An Excersize in life examination...

One of the sweetest people I know, my dear Connie suggested some time ago to go through your house, pretending to be someone else.  The pretense- your death.  What would your things say about you?

The bibles littered throughout my house so I am never physically too far from the Word to use it. Does that really show that I am a christian, or just a pretty crazy book collector who just collects one kind of book. 

The mess of toys, the shrines I've made of the walls of pictures of my kids, the stains on the carpet.  Does that really show I want the most amazing life for my kids, does it communicate that I hope to never hear the words..."I never really had a childhood" from them.

The art work on the walls- not Van Gough, or even Kincade, but star charts my kids and I have made to reward positive behavior and Sunday School crafts.  Will it say I chose to invest in lives rather than stuff?
Or just that I was too cheap to buy anything to pass on the these kids whose lives will (Lord willing) go on after mine stops?

My journals and journals of prayers, will they show faith in a God who has yet to let me down? Or will they seem like a beggars soul died before her body did?

Will the notes I've taken, the cards I've received, the letters written on lined pieces of notebook paper all saved and stored in my top drawer bring joy to their readers like they did me?

Will the pile of reciepts, napkins, box lids, and other make-shift stationary guests in the restaurants over the years have left me... "you're the best server we've ever had." "Thanks for the prayer," "We just found out were pregnant." "I can tell you are a caring mom," "best service ever," etc, and yes I have kept them ALL- will those make someone smile in grief.  I suppose I am being presumptuous that someone would grieve for my death.
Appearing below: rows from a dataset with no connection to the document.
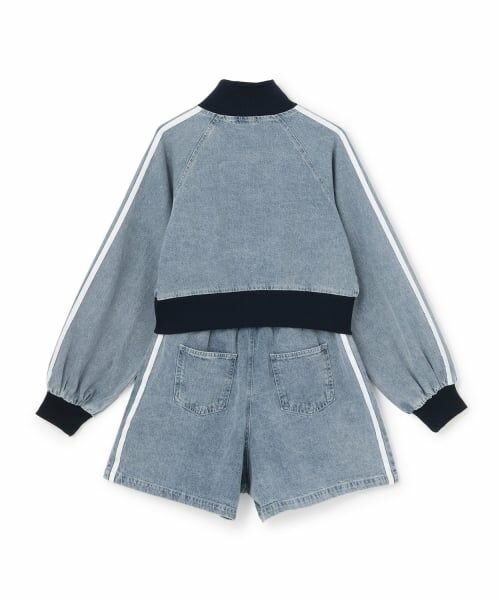 Lovetoxic / ラブトキシック ブルゾン | デニムZIP SETUP | 詳細1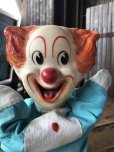 画像4: 60s Vintage Knickerbocker Bozo the Clown Puppet Doll B (A477) (4)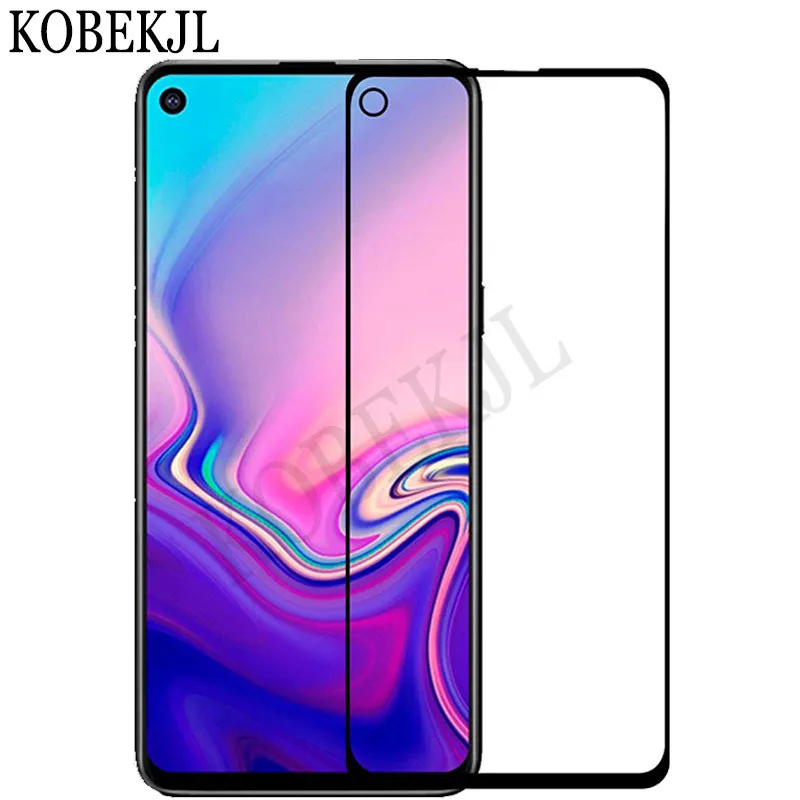 Защитное стекло для Samsung Galaxy A60 закаленное A606F A606 SM-A606F полное покрытие защитная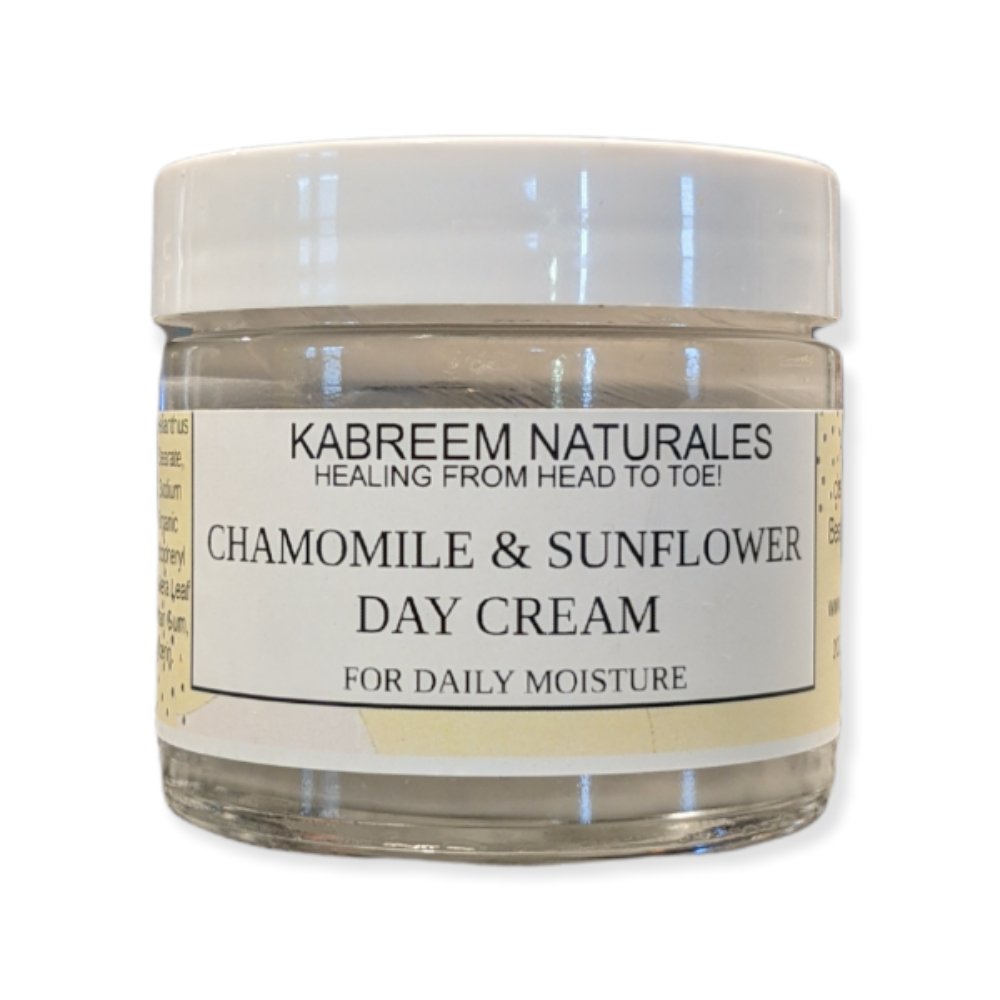 Chamomile & Sunflower Day Cream - KABREEM NATURALES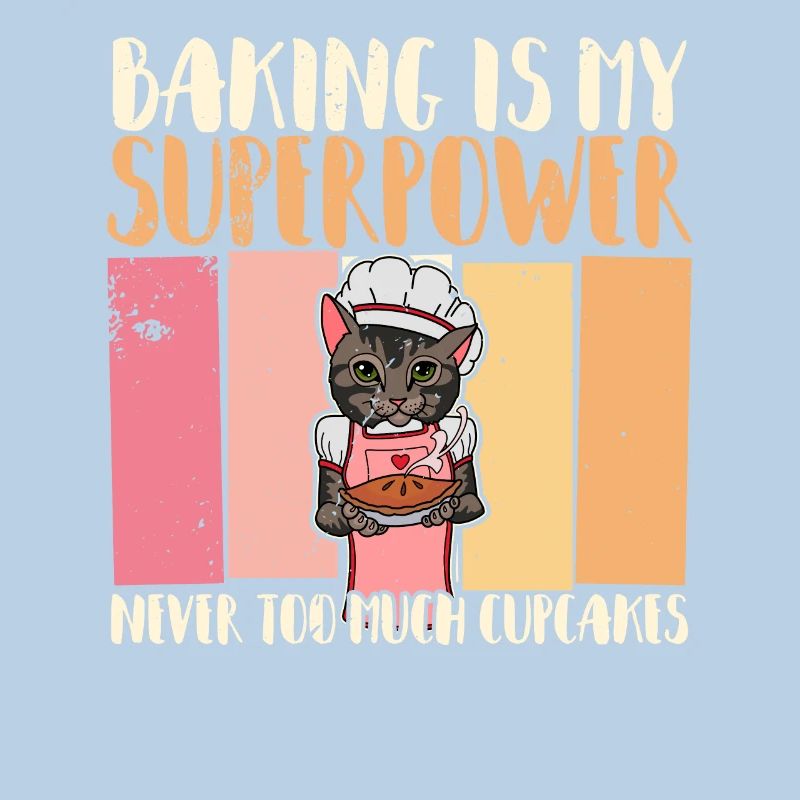 Cat Hobby Baker Dessert Baking Baker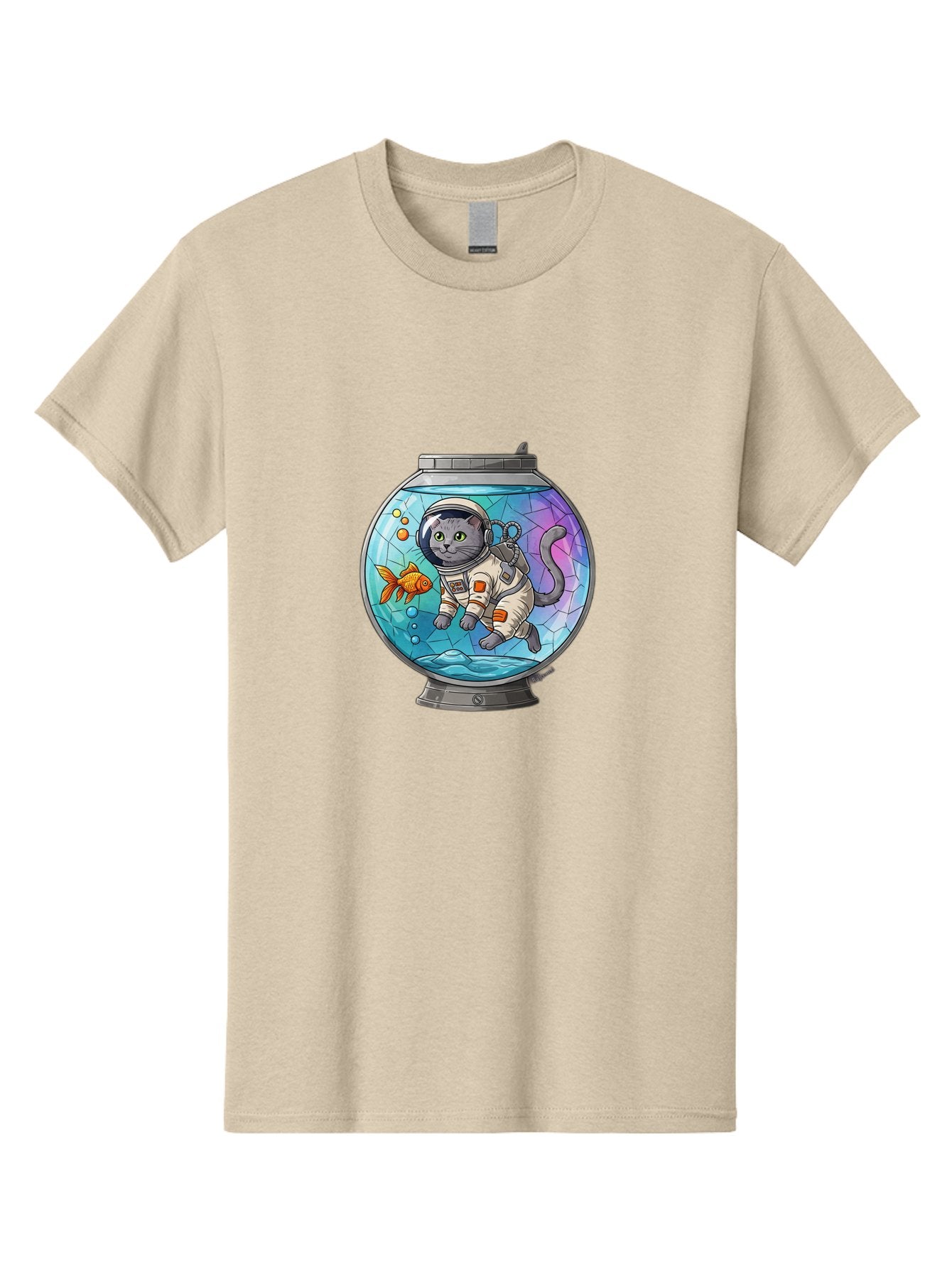 Astronaut-Cat-In-Fishbowl Men'S Graphic Tee, 100% Cotton, Comfortable Casual Summer Wear, Machine Washable, Vintage Camera, Old Camera, Antique Camera, Black Camera, Classic Photography, Photography Equipment, Nostalgic Device, Film Camera, Baj964 8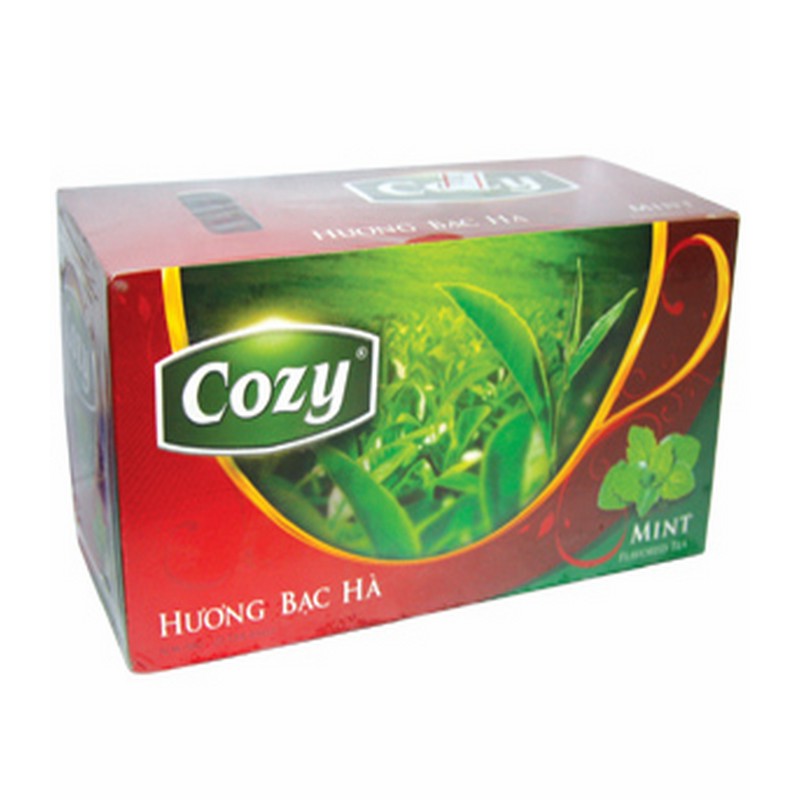 Trà cozy bạc Hà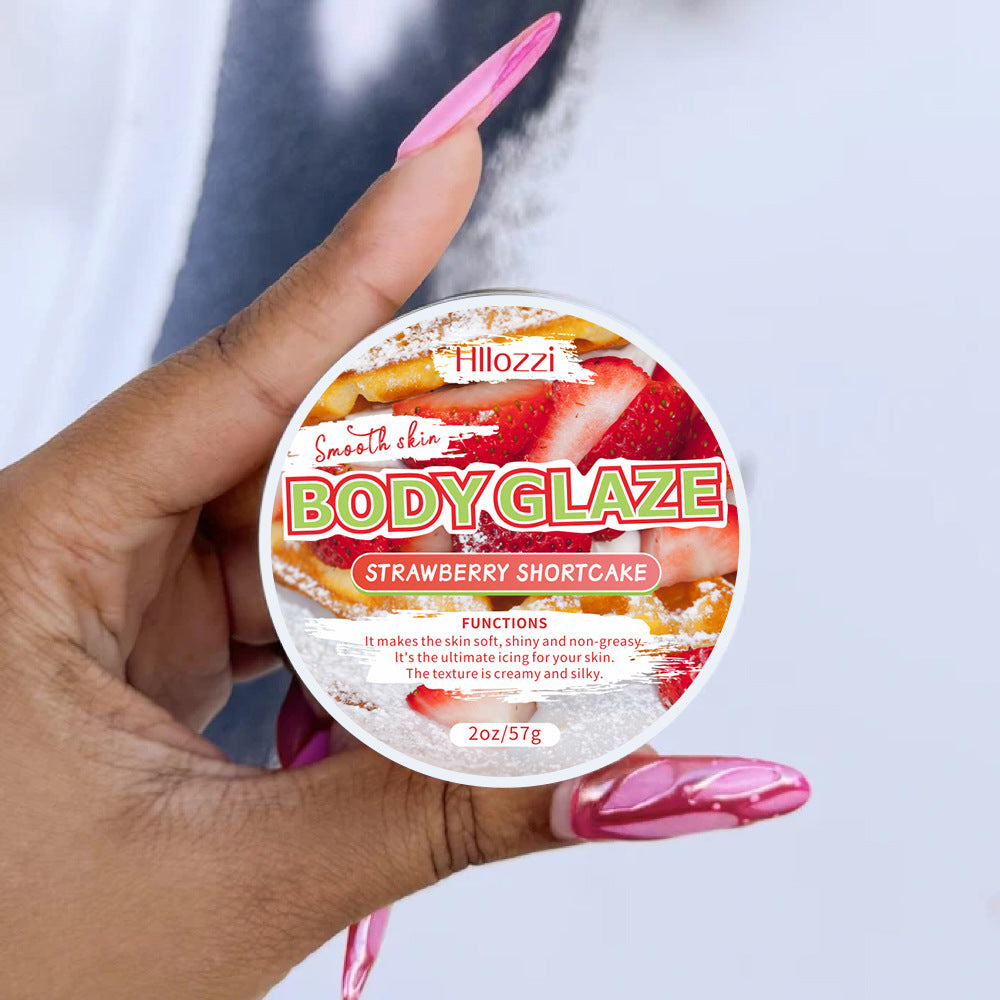 Donut Body Glaze Moisturizing Anti-cracking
After all if anyone knows me at all, I would hope they would just use this as an excuse to have a potluck, mimosas and tell stories. 

I guess this all comes about because someone wrote a piece that told of our relationship, and she actually saw me as I hope people will.  When I tearfully read it to my husband, he said "Whoa, thats the kinda stuff you hope people say about you at your funeral!" I said "No, I hope people say this stuff behind my back!"

I hope that on my tombstone my husband or children I leave behind remember what I told them I want engraved:

"I had a great time, thanks for having me." but moreso, I hope it makes sense to them.